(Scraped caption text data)

Start of Block

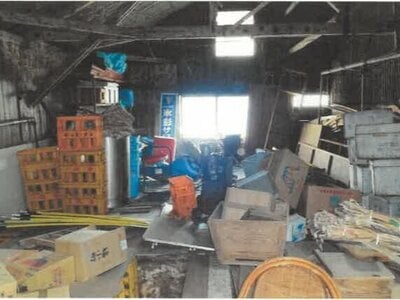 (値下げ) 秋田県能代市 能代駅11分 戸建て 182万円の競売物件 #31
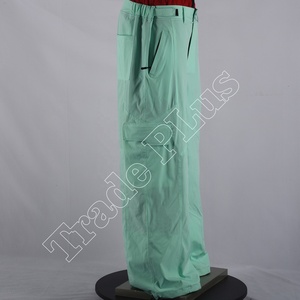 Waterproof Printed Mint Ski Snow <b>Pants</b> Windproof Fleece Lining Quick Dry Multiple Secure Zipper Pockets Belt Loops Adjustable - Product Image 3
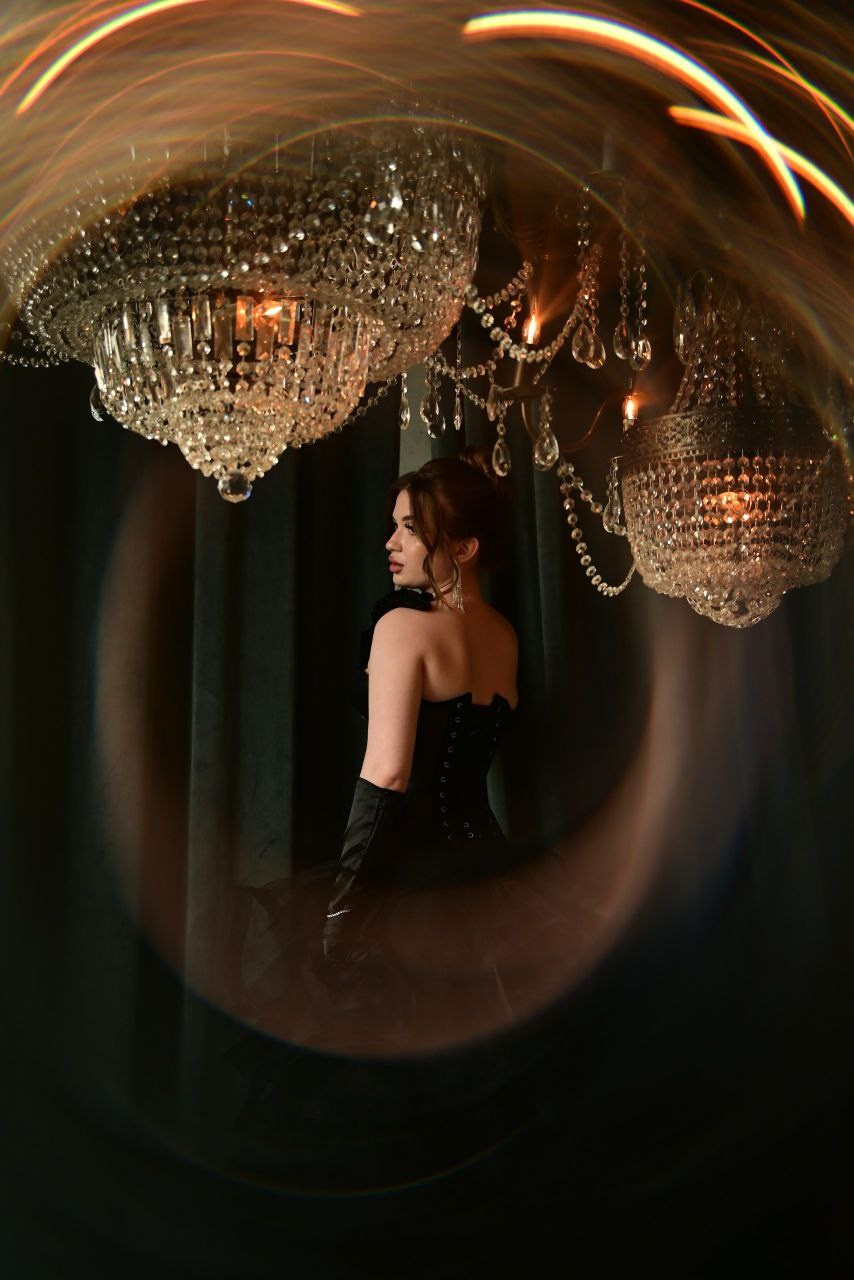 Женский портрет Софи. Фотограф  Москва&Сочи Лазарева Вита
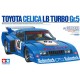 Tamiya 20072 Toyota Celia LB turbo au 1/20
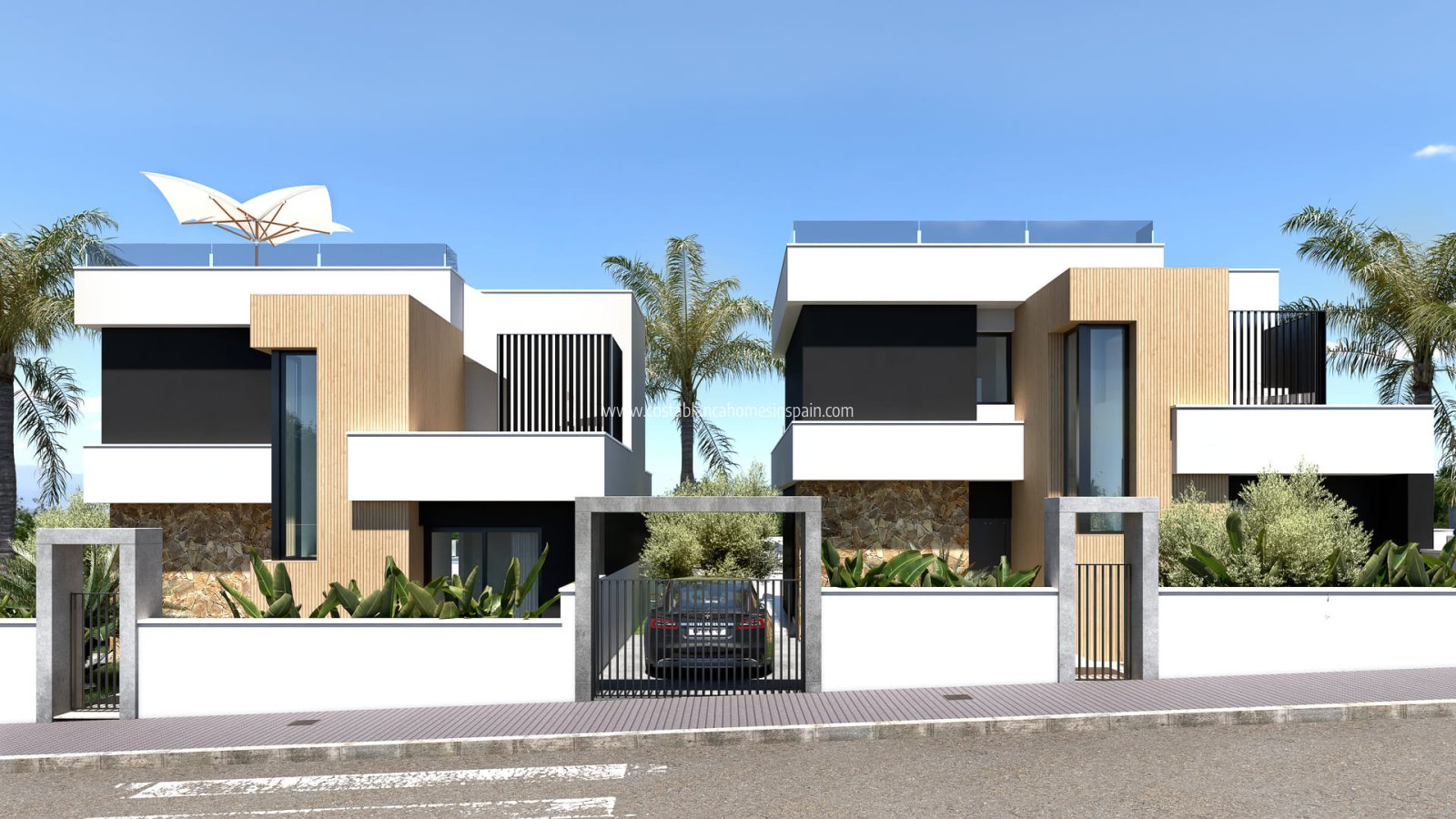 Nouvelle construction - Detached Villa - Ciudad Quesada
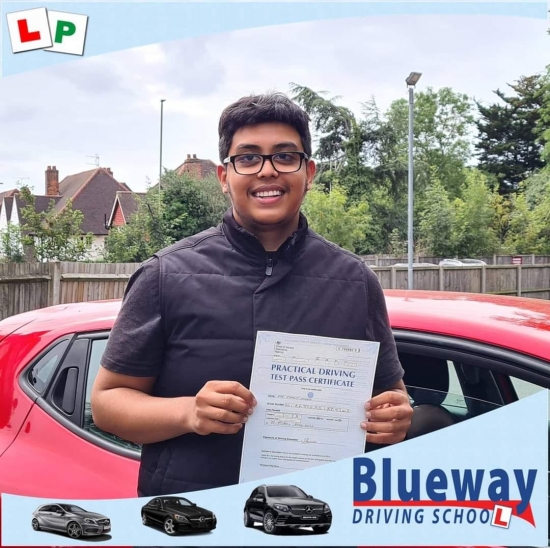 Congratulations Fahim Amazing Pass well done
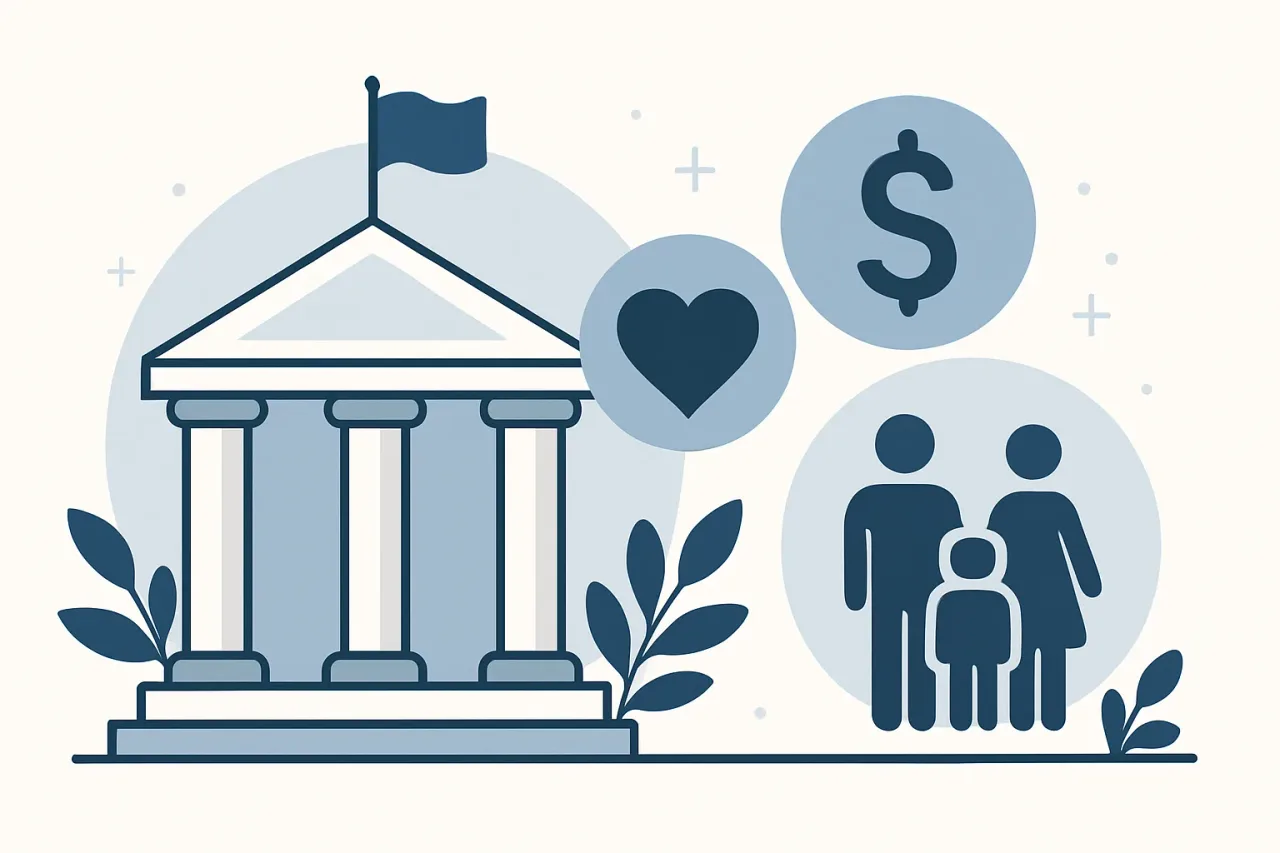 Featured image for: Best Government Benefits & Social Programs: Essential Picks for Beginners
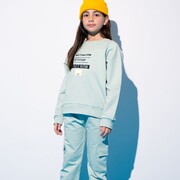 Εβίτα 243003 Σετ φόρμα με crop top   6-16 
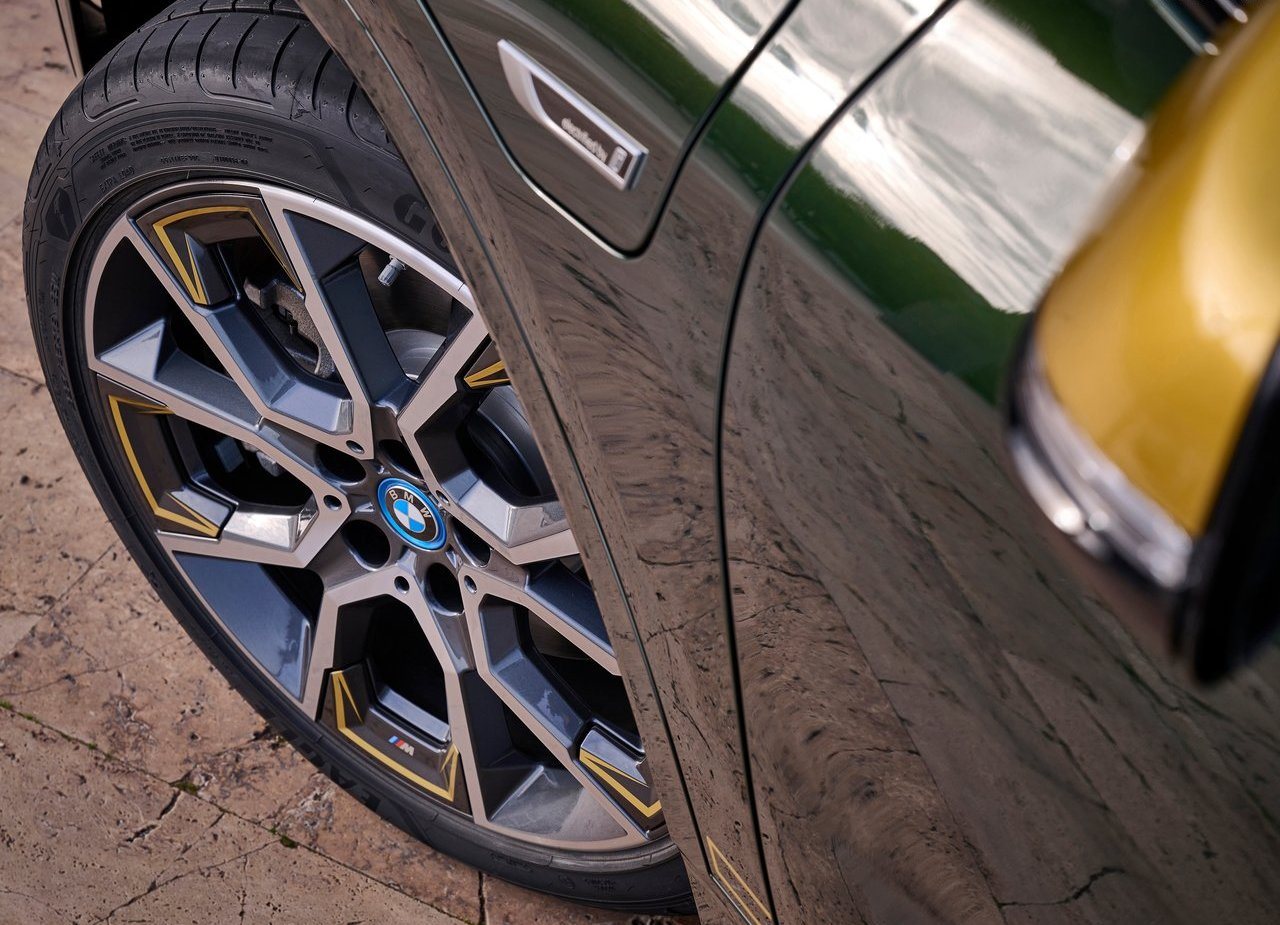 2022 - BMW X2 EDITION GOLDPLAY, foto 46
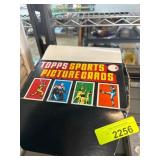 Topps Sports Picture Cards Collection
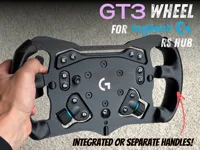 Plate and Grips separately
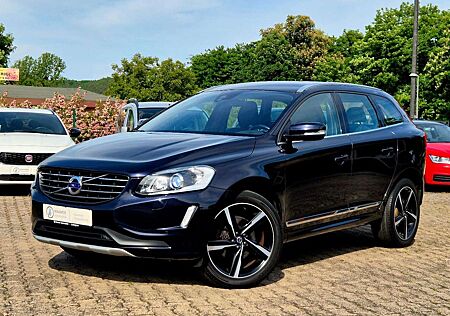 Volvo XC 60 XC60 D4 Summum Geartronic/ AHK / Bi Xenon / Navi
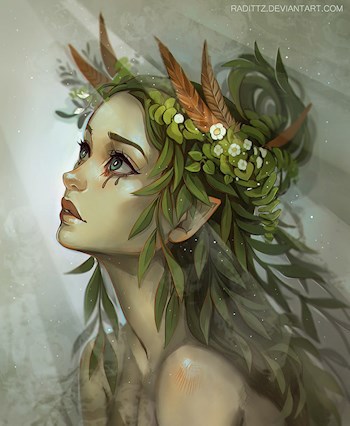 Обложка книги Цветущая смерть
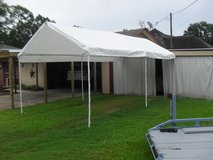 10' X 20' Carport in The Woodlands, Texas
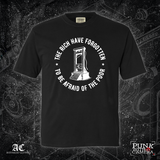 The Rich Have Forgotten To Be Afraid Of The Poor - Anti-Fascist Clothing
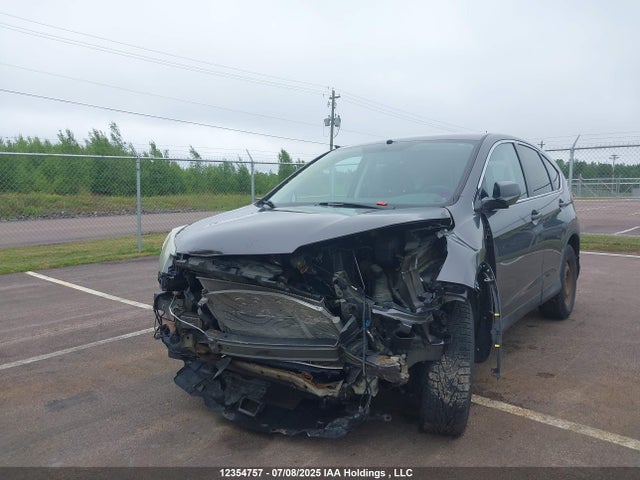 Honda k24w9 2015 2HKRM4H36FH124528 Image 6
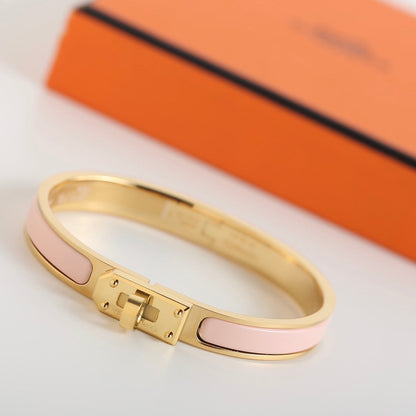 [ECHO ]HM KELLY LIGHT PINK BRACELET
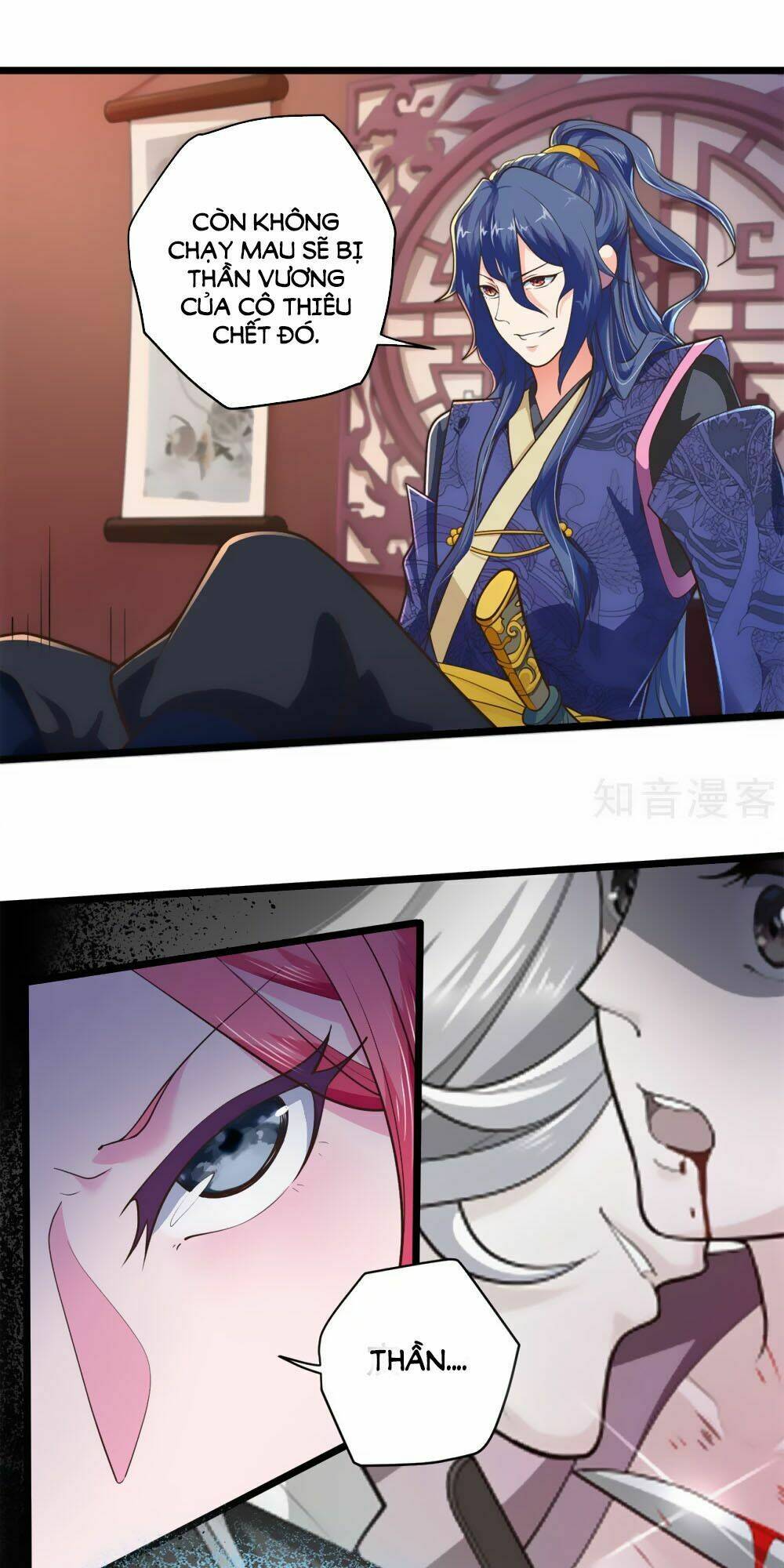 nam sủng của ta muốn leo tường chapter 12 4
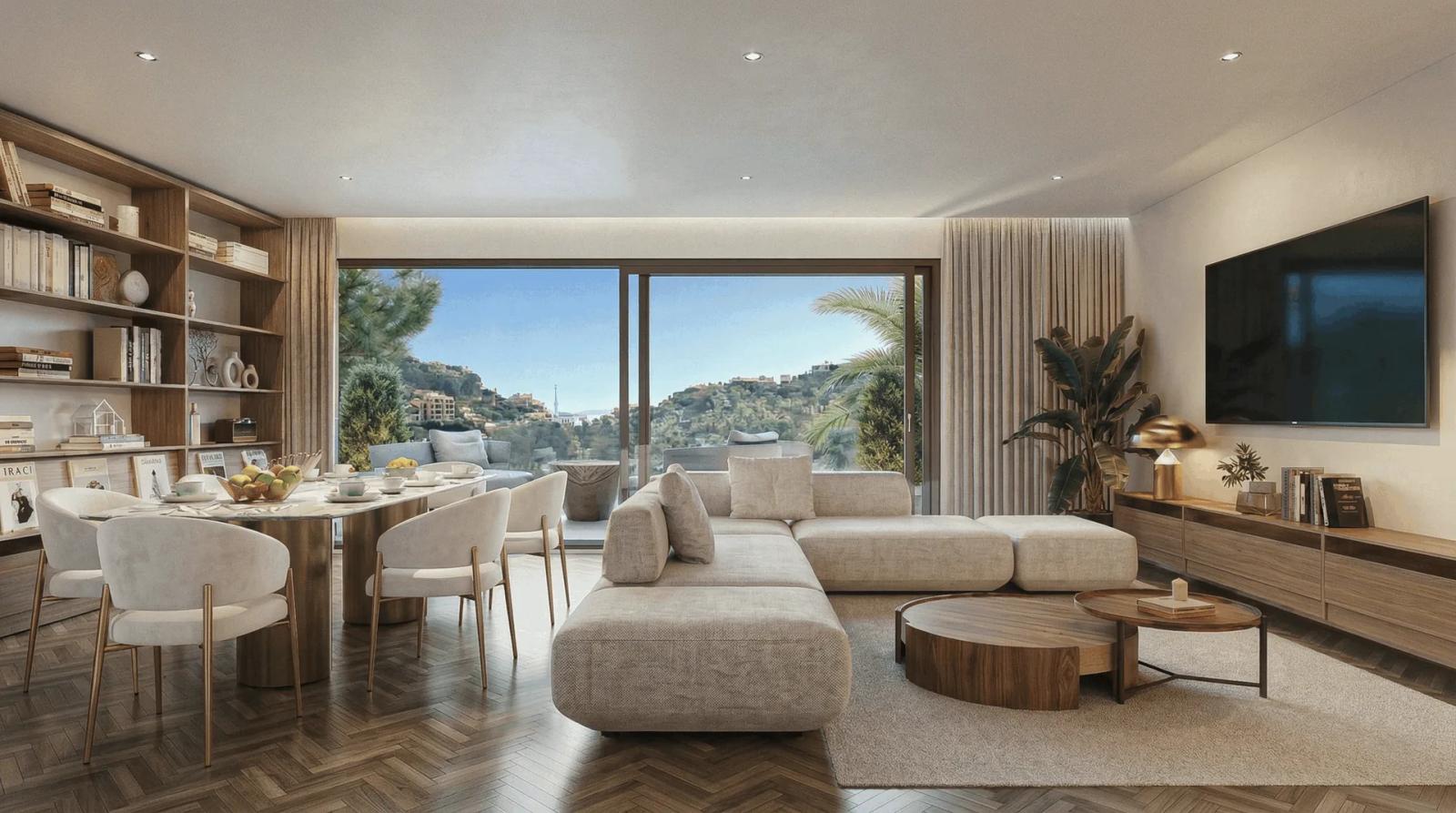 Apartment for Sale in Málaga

End of Block

=== EXERCISE OBJECTIVE ===
Beginning at the line that contains "Nouvelle construction - Detached", transcribe it and every later line through the last line of the data above, exactly, and drop the pictures.

=== EXERCISE OUTPUT ===
 Nouvelle construction - Detached Villa - Ciudad Quesada
 Congratulations Fahim Amazing Pass well done
 Featured image for: Best Government Benefits & Social Programs: Essential Picks for Beginners
 Εβίτα 243003 Σετ φόρμα με crop top   6-16 
 2022 - BMW X2 EDITION GOLDPLAY, foto 46
 Topps Sports Picture Cards Collection
 Plate and Grips separately
 Volvo XC 60 XC60 D4 Summum Geartronic/ AHK / Bi Xenon / Navi
 Обложка книги Цветущая смерть
 10' X 20' Carport in The Woodlands, Texas
 The Rich Have Forgotten To Be Afraid Of The Poor - Anti-Fascist Clothing
 Honda k24w9 2015 2HKRM4H36FH124528 Image 6
 [ECHO ]HM KELLY LIGHT PINK BRACELET
 nam sủng của ta muốn leo tường chapter 12 4
 Apartment for Sale in Málaga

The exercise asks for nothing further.